Der Ausschluss von Mercedes vom Talente-Test wegen der privaten Reifen-Tests Mitte Mai in Barcelona wird so doch noch zu einer wirklich harten Strafe. Denn die neuen, alten Reifen haben auch eine andere äußere Form - und die hat Auswirkungen auf die gesamte Aerodynamik der Autos. Ein Problem, dass nur schwer in den Griff zu bekommen ist, wie man an den Leistungen von McLaren und Sauber sieht. Jetzt könnte es Mercedes treffen - beim Ungarn-GP muss das Werksteam ohne Referenzdaten antreten.

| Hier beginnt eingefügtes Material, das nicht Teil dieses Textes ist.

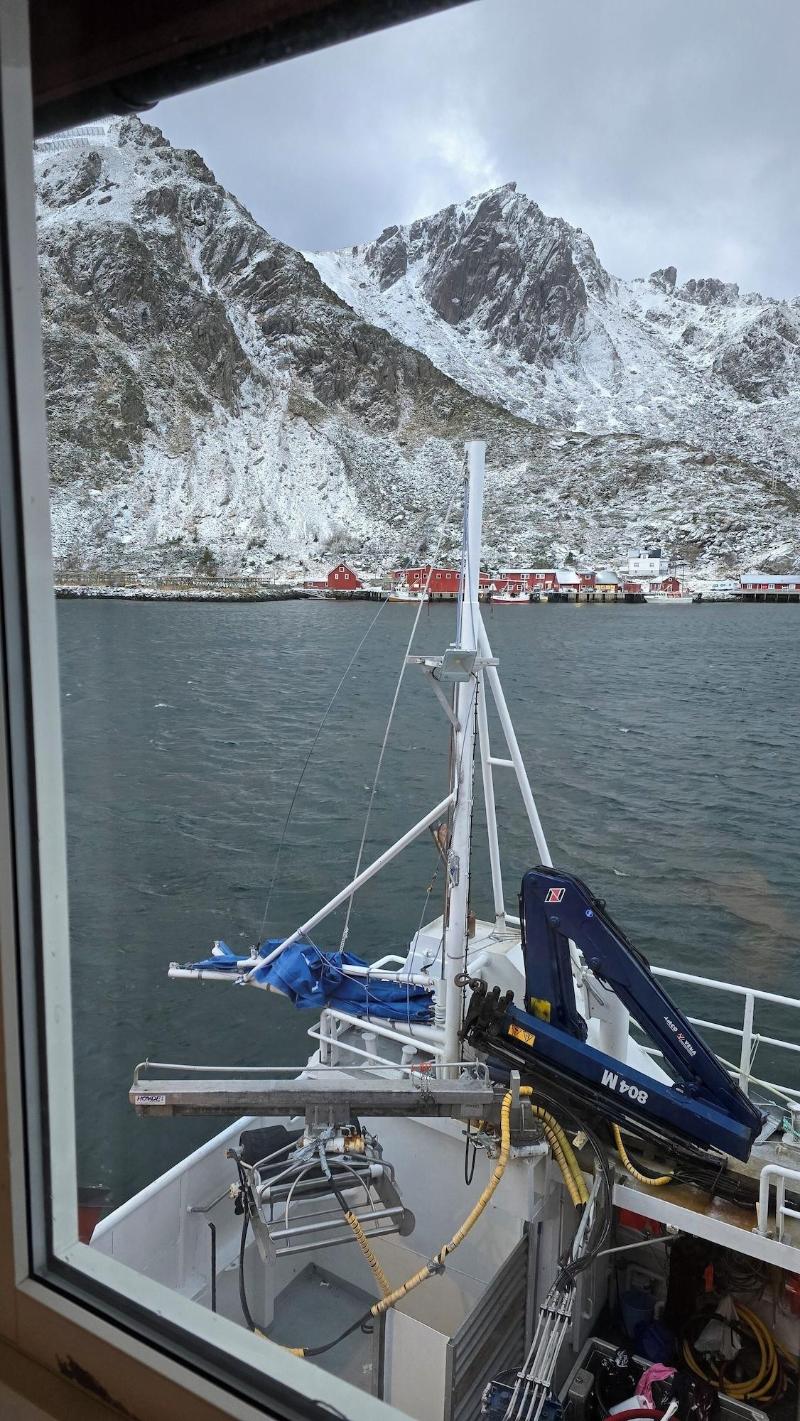 Hemmingodden Lodge image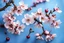 Placeholder: fantastic light pin blue background with four bunches of cherry blossoms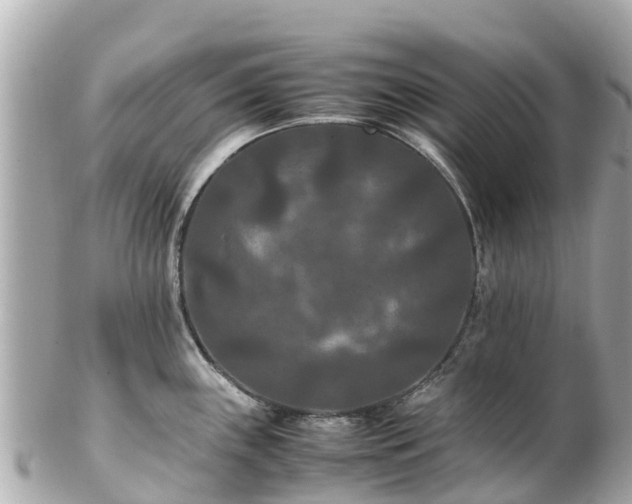 X0000102511243200808151538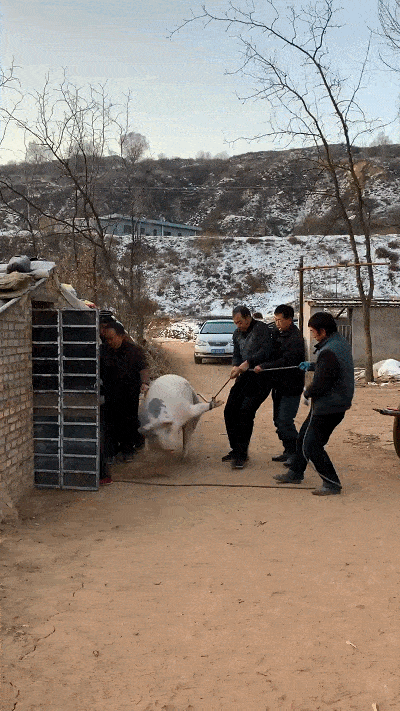 东北老妹儿丨现场直播杀猪菜必须安排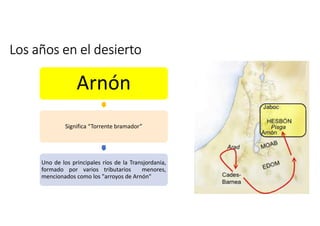 Los años en el desierto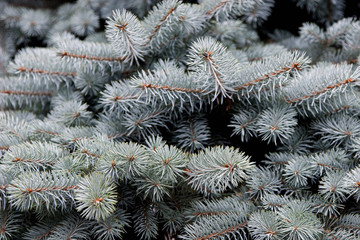 Branches of blue spruce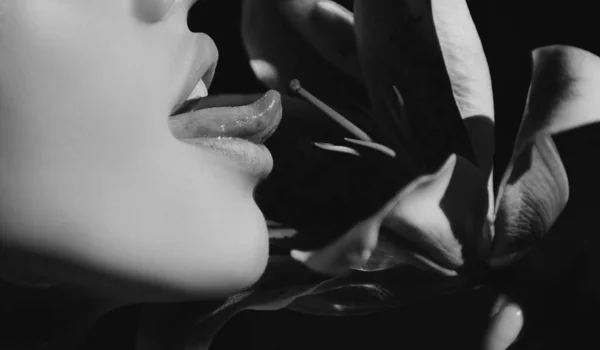 Σέξι Γυναίκα Γλείφει Λουλούδι Γυναικεία Χείλη Κρίνο Ημέρας Ανατολίτικα Υβρίδια — Φωτογραφία Αρχείου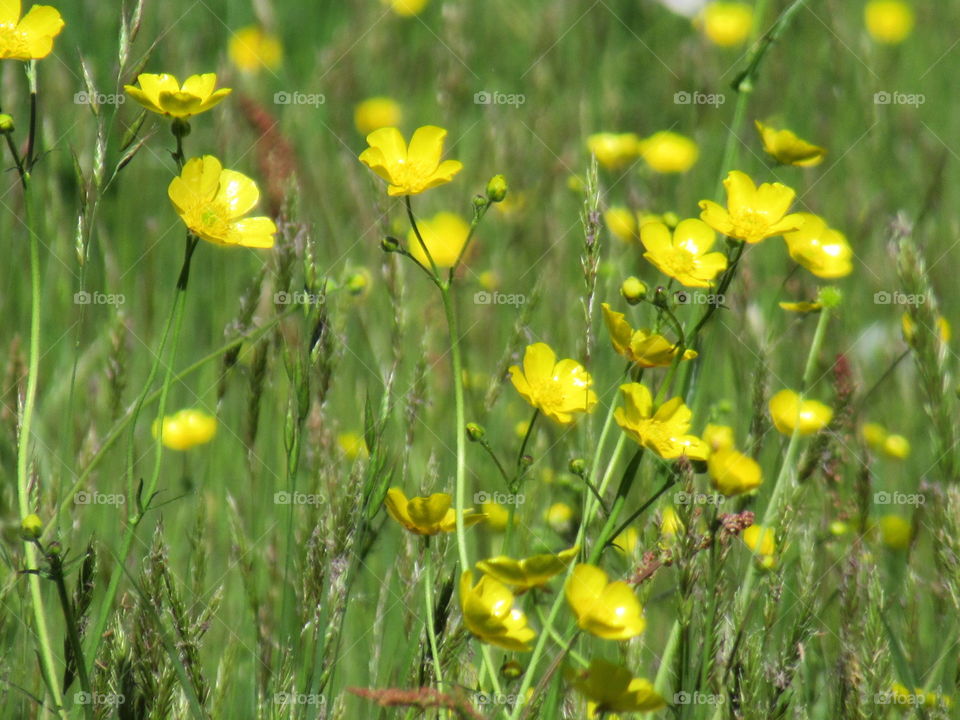 Buttercups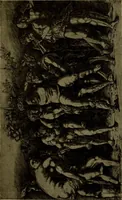 An illustration from Andrea Mantegna and the Italian pre-Raphaelite engravers (1911)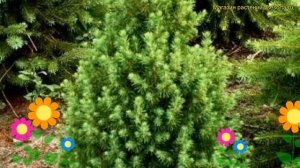 Ель канадская Коника. Краткий обзор, описание характеристик picea glauca Conica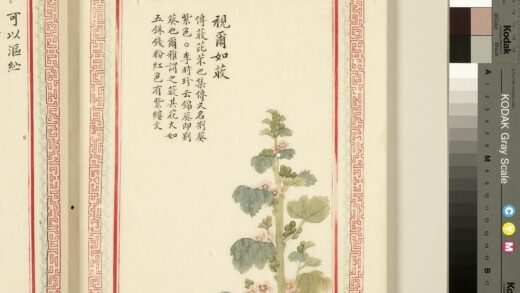 毛诗品物图考（一）册 视尔如荍 1.jpg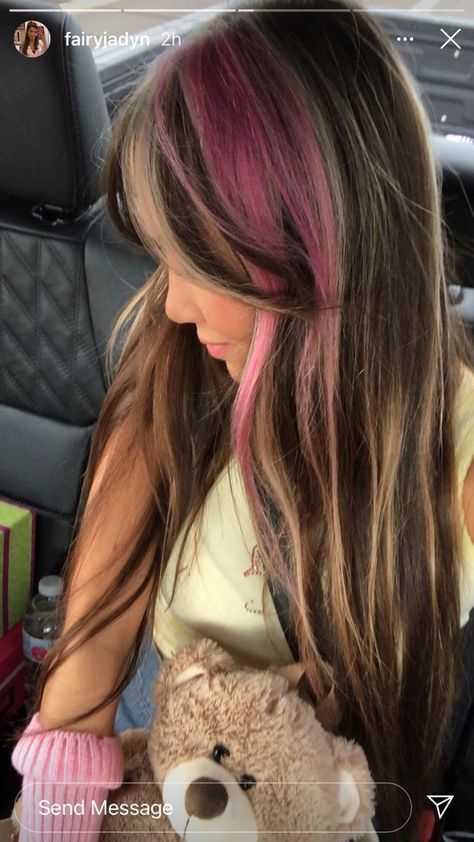 2000s Hair Color Ideas, Funky Brown Hair, Pink Calico Hair, Multicolor Hair Dye, Unique Hair Dye Ideas Brunettes, Neapolitan Hair, Multicolor Hair, Skunk Hair, How To Have Style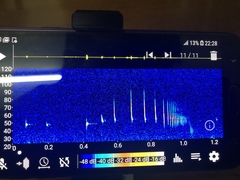 Pipistrellus abramus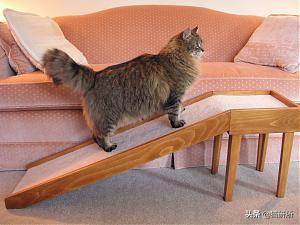 气温骤降猫咪拉软便,预防猫咪应激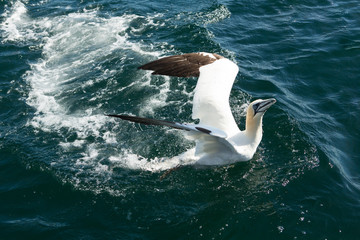 Northern Gannet (Morus bassanus) diving into sea while fishing near breeding colony at bass rock, united Kingdom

Für das Rennen an diesem Wochenende auf dem Nürburgring könnten die Silbernen dagegen noch einmal einen Vorteil haben. Es ist sehr wahrscheinlich, dass die modifizieren Reifen für den Deutschland-GP beim Privat-Test in Barcelona zum Einsatz gekommen sind. Allerdings: Der Beweis, dass die neuen Kevlar verstärkten Pneus tatsächlich sicherer sind als die alten, in denen lediglich ein Metallring verbaut war, ist noch nicht erbracht.
Deshalb bleiben die Fahrer skeptisch. "Ich bin froh, dass man reagiert hat. Ich kann mir aber erst vor Ort ein genaues Bild machen. Wir werden sehen, wie das Wochenende läuft", sagte Mercedes-Mann Lewis Hamilton, der am vergangenen Sonntag das erste Opfer einer Reifenexplosion war. "Wenn die Situation so ist wie in Silverstone, ist es unmöglich zu fahren. Es besteht die Gefahr, dass ein Fahrer oder ein Steward ums Leben kommt", unterstrich Ferrari-Ass Fernando Alonso. "Ich hoffe, die Reifen, die Pirelli liefern wird, sind besser." Ein weiteres Reifen-Desaster kann sich weder Pirelli noch die Formel 1 leisten.